Q. Can you imagine a world without hypothetical situations?
Are we talking hypothecally here?
Q. Why is the person who handles all your money called a broker?
Because brokers are secretly trying to break the economy and eliminate the large middle class in the Western world.
Less QQ or more pew pew?
A. More pew pew
Q. Why is it that doctors call what they do, "practice"?
A. Because that's how they view you, as practice.
Q. Why does my back hurt?
^You slept on a log the wrong way.
How much of the world do you think is crazy?
How much of the world do you think is crazy?
A. 105%
Q. Why does Kyle Karatrn have a beard?
A: It makes him feel like a man
Q: Why doesn't Chuck Norris have a beard?
A. Don't question Chuck Norris or he'll roundhouse kick you in the head
Q. If flyingis so safe, why do they call the airport the "terminal"
Q. If flyingis so safe, why do they call the airport the "terminal"
A. Cuz we are all going to die sometime.
Q. What makes the world go round?
A. Me
Q. Why did Little Miss Piggy fall down the drain
A. Because she was lured by a clown
Q. Why did the Elephant cross the swamp?
Q. Why did the Elephant cross the swamp?
A. He wanted to see Ms. Piggy get lured down the drain by the stupid clown.
Q. WHy is heavy metal awesome?
^Because God commanded that heavy metal be awesome, and therefore is.
How can you cook the Creature from the Black Lagoon?
How can you cook the Creature from the Black Lagoon?
A. Boil it in the water of the White Lagoon.
Can't think of a question right now. Go nuts.
Q. Why are pirates pirates?
Q. Why are pirates pirates?
A. cuz they can be, who doesn't want to be a pirate? :lol:
Q. If pro is opposite of con, whats progress and congress?
You confused me. Now I forgot who Al Gore was.
Why are the Lost Boys lost?
Well, that's a paradox. The "Lost Boys" are supposedly lost, but we already know that from the adjective preceding "Boys", so the "Lost Boys" cannot be "lost" and they could not have been "lost boys" prior to being lost, therefore being "boys who are not lost".
Will I ever find my one true love?
Yes. In fact, you'll find both of them
How many Bollywood actors are gay?
17, and a half
What will Wes Anderson do next?
Whatever he wants or can get away with in the end.
Should Lucas ever be allowed to write dialog again?
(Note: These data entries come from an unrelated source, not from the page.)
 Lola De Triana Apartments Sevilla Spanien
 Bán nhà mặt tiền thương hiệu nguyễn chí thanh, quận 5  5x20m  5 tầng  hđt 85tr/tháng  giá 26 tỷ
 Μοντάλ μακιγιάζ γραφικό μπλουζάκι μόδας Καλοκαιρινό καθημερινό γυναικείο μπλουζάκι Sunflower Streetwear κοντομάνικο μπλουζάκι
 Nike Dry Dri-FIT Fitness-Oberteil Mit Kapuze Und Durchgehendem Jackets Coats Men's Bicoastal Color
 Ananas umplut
Yes, we don't want him to start doing Shakespeare-esque monologues.
With the metre.
Who, what, when, or why?
Who, what, when, or why?
Colonel Mustard, with the revolver, at midnight, cuz he waz mad.
lol clue
Why don't I have homework tonight?
You're a dropout.
If Dark Helmet fought Jar Jar, who'd win?
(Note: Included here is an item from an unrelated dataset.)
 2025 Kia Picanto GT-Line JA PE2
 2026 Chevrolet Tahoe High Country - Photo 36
If Dark Helmet fought Jar Jar, who'd win?
Jar Jar.
EDIT: Wait...no Dark Helmet, evil will always triumph over good cuz good is dumb, remember?
Is Darth Vader a Sith Lord, or just misunderstood?
P.S. I am not a dropout, I just ahve AIMS testing and the teachers don't want to give us homework, for fear of breaking our fragile minds. :xp:
He's a father!
Lone Star vs Han Solo and Luke Skywalker- who would win?
Lone Star vs Han Solo and Luke Skywalker- who would win?
Lone Starr, he has the swartz!
GO nuts with the questions, I can't think of a good one.
Q. Whats the difference between a truck load of marbles and a truck load of babies?
Marbles don't wet themselves.
Have you stopped beating your wife?
A: A wife?!? I'm not even married!!!!!
Q: What's the best meal you've ever had?